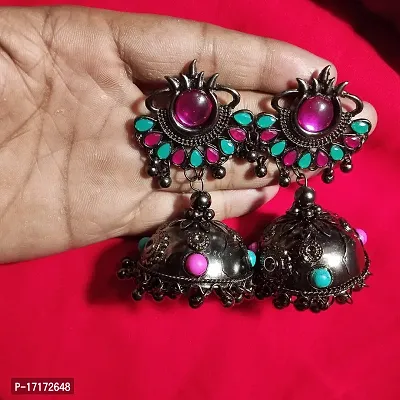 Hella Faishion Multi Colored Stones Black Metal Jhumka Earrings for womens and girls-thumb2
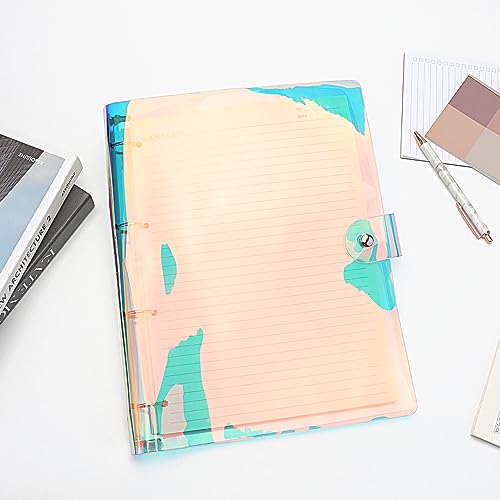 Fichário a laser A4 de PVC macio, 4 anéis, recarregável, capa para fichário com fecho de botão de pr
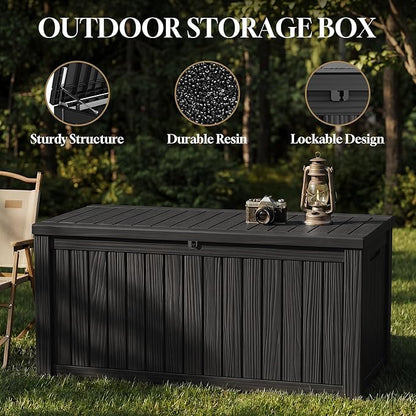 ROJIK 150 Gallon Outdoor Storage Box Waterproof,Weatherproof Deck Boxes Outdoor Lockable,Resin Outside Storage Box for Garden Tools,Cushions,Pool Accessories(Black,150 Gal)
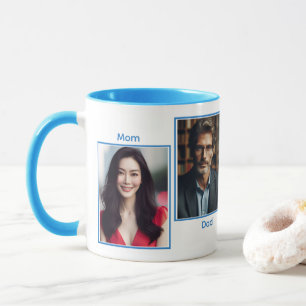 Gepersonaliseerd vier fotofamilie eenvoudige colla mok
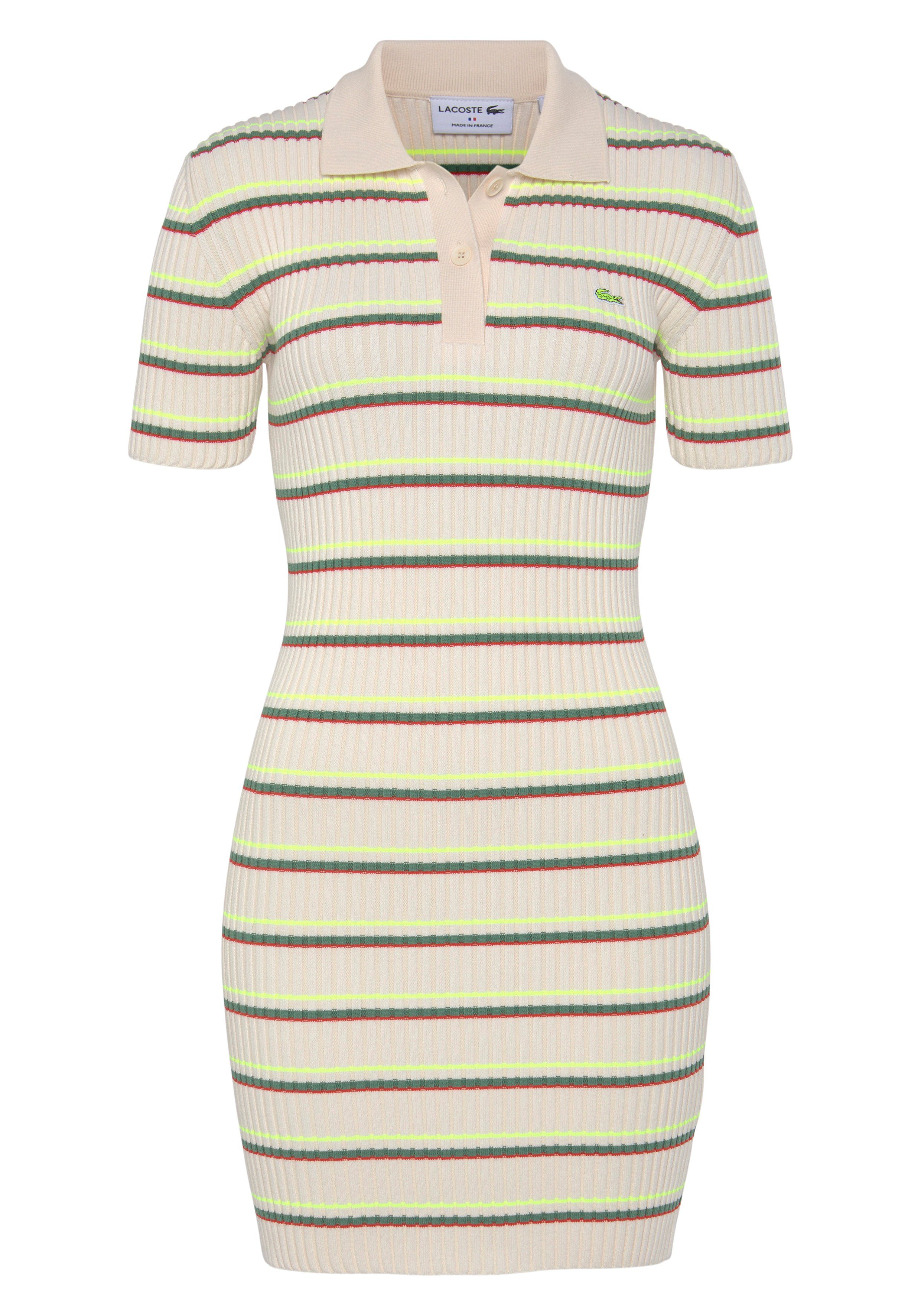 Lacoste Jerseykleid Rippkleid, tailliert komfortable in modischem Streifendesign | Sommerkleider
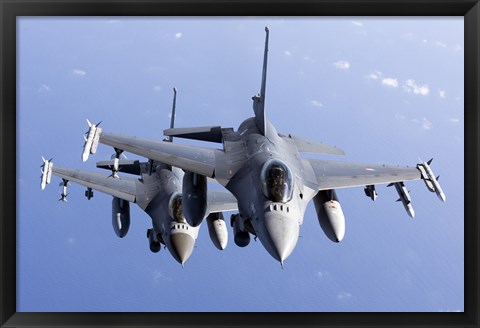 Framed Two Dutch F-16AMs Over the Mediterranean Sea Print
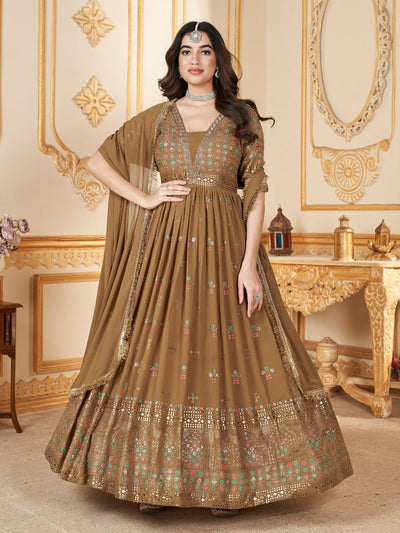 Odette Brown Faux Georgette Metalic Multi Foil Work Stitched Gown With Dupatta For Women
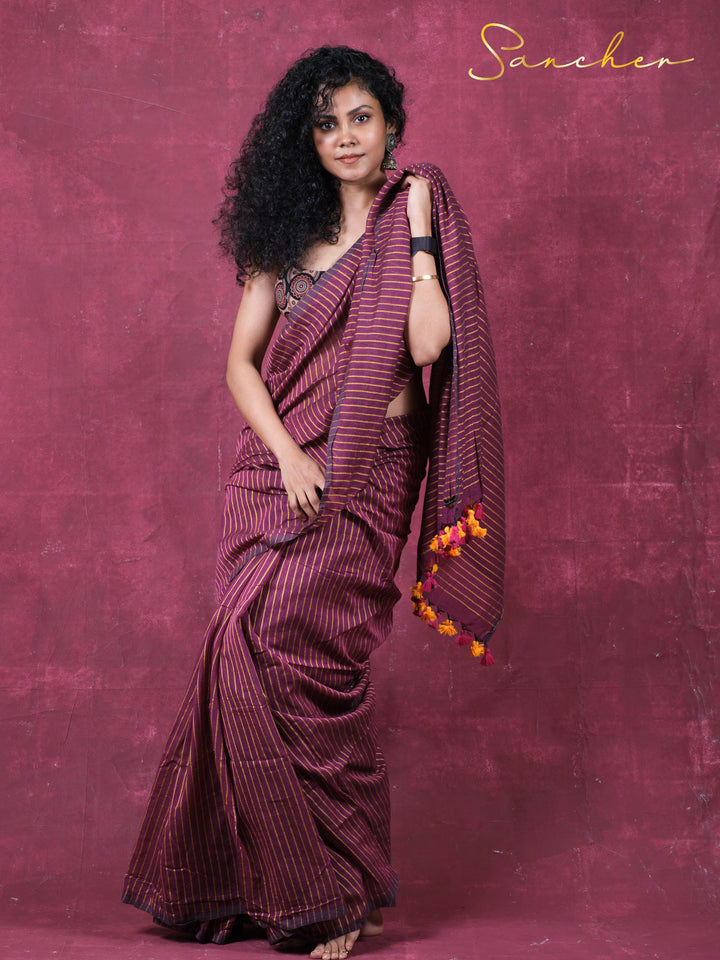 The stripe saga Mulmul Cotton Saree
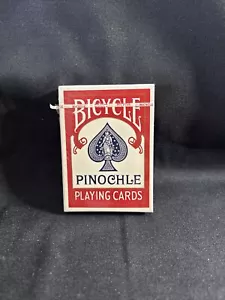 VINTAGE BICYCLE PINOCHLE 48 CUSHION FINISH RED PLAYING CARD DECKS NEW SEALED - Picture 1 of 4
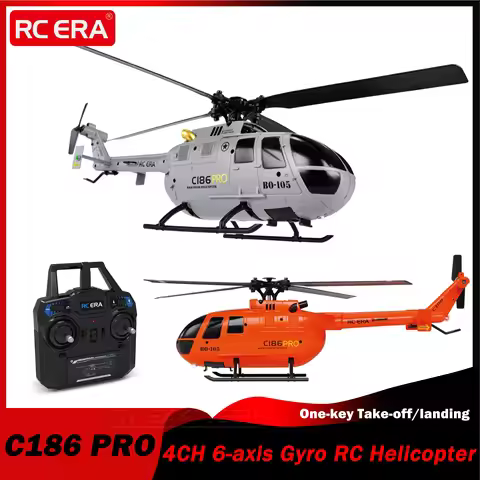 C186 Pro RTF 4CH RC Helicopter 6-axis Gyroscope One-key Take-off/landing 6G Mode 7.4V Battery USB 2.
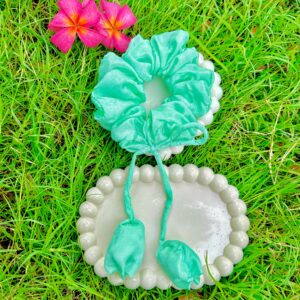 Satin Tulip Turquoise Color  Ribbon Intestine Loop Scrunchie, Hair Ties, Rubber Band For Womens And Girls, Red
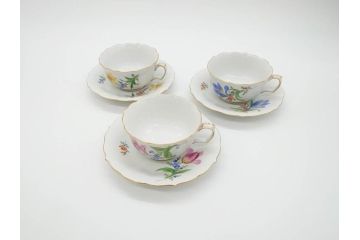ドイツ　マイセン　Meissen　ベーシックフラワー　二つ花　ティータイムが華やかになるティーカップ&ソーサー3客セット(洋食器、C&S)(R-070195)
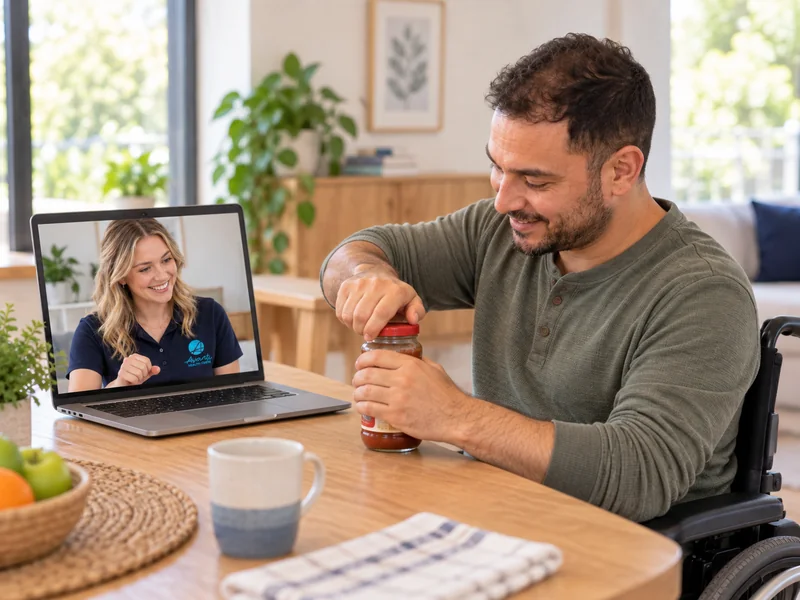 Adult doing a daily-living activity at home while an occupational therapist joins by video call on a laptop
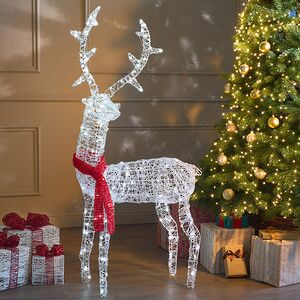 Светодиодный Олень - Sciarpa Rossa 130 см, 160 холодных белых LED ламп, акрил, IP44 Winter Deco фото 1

About this task: Output the records above as they stand, from the first line to the line with "Framed Two Dutch", inclusive, and exclude the pictures.

Task answer:
 Hella Faishion Multi Colored Stones Black Metal Jhumka Earrings for womens and girls-thumb2
 Fichário a laser A4 de PVC macio, 4 anéis, recarregável, capa para fichário com fecho de botão de pr
 ROJIK 150 Gallon Outdoor Storage Box Waterproof,Weatherproof Deck Boxes Outdoor Lockable,Resin Outside Storage Box for Garden Tools,Cushions,Pool Accessories(Black,150 Gal)
 Gepersonaliseerd vier fotofamilie eenvoudige colla mok
 Lacoste Jerseykleid Rippkleid, tailliert komfortable in modischem Streifendesign | Sommerkleider
 Framed Two Dutch F-16AMs Over the Mediterranean Sea Print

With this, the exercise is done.